There's some great chemistry between the regulars, now, with most of them settling into double-acts, and not the ones we expected. Coulson and May are at their best when they're fighting side-by-side. It's a shame to see Mac and Fitz's bromance fizzle out, but worth it for the wonderful chemistry between Fitz and Skye. I don't think Skye has really gelled with anyone the way she was supposed to, but this looks set to change matters. Both Chloe Bennet and Iain de Caestecker are so much better as these damaged and altered versions of their characters. There's a lot of potential here, particularly in their relationship, be it platonic or romantic in future. Where Fitz and Simmons will go from here is questionable, and this can only serve to drive them further apart, especially with Simmons on one hell of an over-egged anti-alien, anti-superpower drive right now. Perhaps the best moment, though, involve Raina. Ruth Negga has been something of an unsung star of this series (great news that she's been snapped up for the Preacher adaptation), and the use of her character here is excellent. Finally, she's got exactly what she's been striving for all this time, and it's horrific. The quill-covered, plant-like, almost reptilian make-up for her transformed state is wonderful work. Her scene with Dr Zabo – a still brillaint Kyle MacLachlan, always a highlight – is a particularly strong one, as he casts her aside now that she is of no use to him.

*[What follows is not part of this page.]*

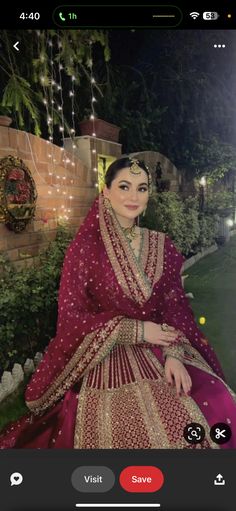 a woman in a red and gold dress sitting on a bench with lights strung from the trees behind her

The material introducing the Inhumans is another highlight. Not just the little fanboy thrill from hearing terms like “Terrigenesis” thrown around, but genuinely well-scripted, beautifully directed stuff. It's patently clear now that Marvel are using this as their way of doing an X-Men style storyline, and more power to them. The Inhuman stuff is complicated and hard-to-swallow, yet they're putting it across in digestible little chunks. Philip Labes is excellent as the young Gordon (aka the Inhuman known as Reader), working with some fine direction and visual effects to put across the terror of this poor individual. Terrigenesis is a horrifying concept; if Raina thinks she's got it bad, then poor Gordon can put it in perspective. Blessed with incredible powers, but with the skin grown over his eyes so that he can't even cry. It'll be interesting to see how the relationships develop here: Gordon rescues Raina, who was abandoned and driven to suicide by Zabo, who was married to Jai Ying, who mentored and cared for the young Gordon. It's a complex web.

There's room to improve, most certainly, but this a strong start to the new half-season and I'm looking forward to seeing how it develops. As long as there are plenty of superbeings to come.